Short text fragments from websites:
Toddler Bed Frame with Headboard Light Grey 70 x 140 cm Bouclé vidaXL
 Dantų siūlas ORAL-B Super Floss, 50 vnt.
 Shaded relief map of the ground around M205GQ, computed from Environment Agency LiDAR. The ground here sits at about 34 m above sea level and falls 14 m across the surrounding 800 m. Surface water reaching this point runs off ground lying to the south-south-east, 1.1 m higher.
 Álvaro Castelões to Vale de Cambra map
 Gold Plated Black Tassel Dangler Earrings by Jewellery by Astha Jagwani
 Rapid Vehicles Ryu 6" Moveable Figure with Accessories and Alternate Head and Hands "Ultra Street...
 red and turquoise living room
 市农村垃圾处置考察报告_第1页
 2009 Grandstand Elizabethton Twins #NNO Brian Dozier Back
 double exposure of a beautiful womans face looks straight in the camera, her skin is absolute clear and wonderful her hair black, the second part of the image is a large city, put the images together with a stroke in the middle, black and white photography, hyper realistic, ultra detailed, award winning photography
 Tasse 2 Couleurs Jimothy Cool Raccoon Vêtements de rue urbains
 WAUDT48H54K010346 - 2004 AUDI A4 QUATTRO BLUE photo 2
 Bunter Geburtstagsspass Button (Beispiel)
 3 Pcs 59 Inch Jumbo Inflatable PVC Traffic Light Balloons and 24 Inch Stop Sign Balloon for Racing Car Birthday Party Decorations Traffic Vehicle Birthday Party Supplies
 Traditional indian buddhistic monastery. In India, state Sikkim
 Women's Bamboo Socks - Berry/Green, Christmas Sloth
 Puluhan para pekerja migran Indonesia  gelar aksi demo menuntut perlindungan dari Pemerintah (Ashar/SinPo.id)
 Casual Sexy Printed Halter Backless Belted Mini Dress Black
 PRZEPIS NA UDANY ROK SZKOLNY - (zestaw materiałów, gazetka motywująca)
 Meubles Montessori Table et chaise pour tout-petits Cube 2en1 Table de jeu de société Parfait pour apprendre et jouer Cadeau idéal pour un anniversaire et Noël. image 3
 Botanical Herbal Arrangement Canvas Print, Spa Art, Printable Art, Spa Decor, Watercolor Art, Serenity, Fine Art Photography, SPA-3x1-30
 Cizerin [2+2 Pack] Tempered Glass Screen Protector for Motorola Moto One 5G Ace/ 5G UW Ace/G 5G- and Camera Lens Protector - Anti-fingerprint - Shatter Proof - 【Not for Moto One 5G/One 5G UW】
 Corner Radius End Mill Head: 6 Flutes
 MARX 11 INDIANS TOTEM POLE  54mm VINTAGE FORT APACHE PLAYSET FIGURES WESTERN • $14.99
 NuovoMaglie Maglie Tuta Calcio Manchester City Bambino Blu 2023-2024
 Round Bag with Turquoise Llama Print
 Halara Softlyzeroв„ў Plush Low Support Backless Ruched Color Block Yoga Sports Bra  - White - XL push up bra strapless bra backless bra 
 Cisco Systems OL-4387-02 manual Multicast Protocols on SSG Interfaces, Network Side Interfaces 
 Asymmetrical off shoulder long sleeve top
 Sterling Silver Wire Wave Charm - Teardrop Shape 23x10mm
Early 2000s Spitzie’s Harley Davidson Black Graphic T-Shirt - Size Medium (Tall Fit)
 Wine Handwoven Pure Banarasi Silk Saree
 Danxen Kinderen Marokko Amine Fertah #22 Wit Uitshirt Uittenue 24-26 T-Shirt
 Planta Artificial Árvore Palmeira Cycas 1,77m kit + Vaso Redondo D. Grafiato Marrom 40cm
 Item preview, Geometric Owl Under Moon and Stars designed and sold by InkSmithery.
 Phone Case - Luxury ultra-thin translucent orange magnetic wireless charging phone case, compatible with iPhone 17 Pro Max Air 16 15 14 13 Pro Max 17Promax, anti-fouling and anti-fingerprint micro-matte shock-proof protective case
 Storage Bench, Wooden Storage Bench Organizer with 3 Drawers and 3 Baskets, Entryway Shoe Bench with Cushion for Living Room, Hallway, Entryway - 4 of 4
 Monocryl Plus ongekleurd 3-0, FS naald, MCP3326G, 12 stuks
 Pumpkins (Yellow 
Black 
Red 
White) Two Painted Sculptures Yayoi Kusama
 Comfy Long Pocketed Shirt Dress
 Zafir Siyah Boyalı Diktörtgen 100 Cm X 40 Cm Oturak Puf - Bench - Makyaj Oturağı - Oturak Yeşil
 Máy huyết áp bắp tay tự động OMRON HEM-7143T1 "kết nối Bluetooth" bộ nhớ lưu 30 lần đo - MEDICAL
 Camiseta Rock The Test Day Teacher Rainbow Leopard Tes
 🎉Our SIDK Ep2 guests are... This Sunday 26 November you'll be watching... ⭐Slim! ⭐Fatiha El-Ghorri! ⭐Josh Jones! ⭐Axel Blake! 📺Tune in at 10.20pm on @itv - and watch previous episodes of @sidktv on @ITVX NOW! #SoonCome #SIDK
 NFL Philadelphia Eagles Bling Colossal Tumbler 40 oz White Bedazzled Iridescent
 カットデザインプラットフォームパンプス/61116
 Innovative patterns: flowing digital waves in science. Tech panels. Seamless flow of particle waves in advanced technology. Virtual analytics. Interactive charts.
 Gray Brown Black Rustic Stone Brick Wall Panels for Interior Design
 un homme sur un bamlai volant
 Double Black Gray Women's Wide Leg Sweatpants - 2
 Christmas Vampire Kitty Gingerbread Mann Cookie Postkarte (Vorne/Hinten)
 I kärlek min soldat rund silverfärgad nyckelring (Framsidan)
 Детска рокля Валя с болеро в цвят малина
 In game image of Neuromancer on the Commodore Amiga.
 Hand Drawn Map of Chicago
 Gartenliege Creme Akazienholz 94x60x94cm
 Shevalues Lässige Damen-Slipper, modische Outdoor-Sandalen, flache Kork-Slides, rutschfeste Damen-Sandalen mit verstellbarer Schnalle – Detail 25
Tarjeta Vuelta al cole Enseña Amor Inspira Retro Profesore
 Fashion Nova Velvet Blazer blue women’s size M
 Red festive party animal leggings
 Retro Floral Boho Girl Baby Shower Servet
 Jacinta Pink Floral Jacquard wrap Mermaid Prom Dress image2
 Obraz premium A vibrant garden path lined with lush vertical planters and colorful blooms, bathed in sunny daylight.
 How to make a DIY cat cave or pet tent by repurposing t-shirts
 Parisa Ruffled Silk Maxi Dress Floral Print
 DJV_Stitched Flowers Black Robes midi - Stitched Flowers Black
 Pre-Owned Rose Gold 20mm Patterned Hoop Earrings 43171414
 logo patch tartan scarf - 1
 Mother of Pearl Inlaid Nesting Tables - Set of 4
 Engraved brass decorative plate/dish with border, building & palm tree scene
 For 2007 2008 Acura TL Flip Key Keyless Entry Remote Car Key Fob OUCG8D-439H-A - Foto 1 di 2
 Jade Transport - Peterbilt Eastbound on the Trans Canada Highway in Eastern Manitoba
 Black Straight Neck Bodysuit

» Task to carry out
From the records above, give again exactly the lines running from the line with "MARX 11 INDIANS" to the line with "Máy huyết áp", inclusive.

» Response below
 MARX 11 INDIANS TOTEM POLE  54mm VINTAGE FORT APACHE PLAYSET FIGURES WESTERN • $14.99
 NuovoMaglie Maglie Tuta Calcio Manchester City Bambino Blu 2023-2024
 Round Bag with Turquoise Llama Print
 Halara Softlyzeroв„ў Plush Low Support Backless Ruched Color Block Yoga Sports Bra  - White - XL push up bra strapless bra backless bra 
 Cisco Systems OL-4387-02 manual Multicast Protocols on SSG Interfaces, Network Side Interfaces 
 Asymmetrical off shoulder long sleeve top
 Sterling Silver Wire Wave Charm - Teardrop Shape 23x10mm
Early 2000s Spitzie’s Harley Davidson Black Graphic T-Shirt - Size Medium (Tall Fit)
 Wine Handwoven Pure Banarasi Silk Saree
 Danxen Kinderen Marokko Amine Fertah #22 Wit Uitshirt Uittenue 24-26 T-Shirt
 Planta Artificial Árvore Palmeira Cycas 1,77m kit + Vaso Redondo D. Grafiato Marrom 40cm
 Item preview, Geometric Owl Under Moon and Stars designed and sold by InkSmithery.
 Phone Case - Luxury ultra-thin translucent orange magnetic wireless charging phone case, compatible with iPhone 17 Pro Max Air 16 15 14 13 Pro Max 17Promax, anti-fouling and anti-fingerprint micro-matte shock-proof protective case
 Storage Bench, Wooden Storage Bench Organizer with 3 Drawers and 3 Baskets, Entryway Shoe Bench with Cushion for Living Room, Hallway, Entryway - 4 of 4
 Monocryl Plus ongekleurd 3-0, FS naald, MCP3326G, 12 stuks
 Pumpkins (Yellow 
Black 
Red 
White) Two Painted Sculptures Yayoi Kusama
 Comfy Long Pocketed Shirt Dress
 Zafir Siyah Boyalı Diktörtgen 100 Cm X 40 Cm Oturak Puf - Bench - Makyaj Oturağı - Oturak Yeşil
 Máy huyết áp bắp tay tự động OMRON HEM-7143T1 "kết nối Bluetooth" bộ nhớ lưu 30 lần đo - MEDICAL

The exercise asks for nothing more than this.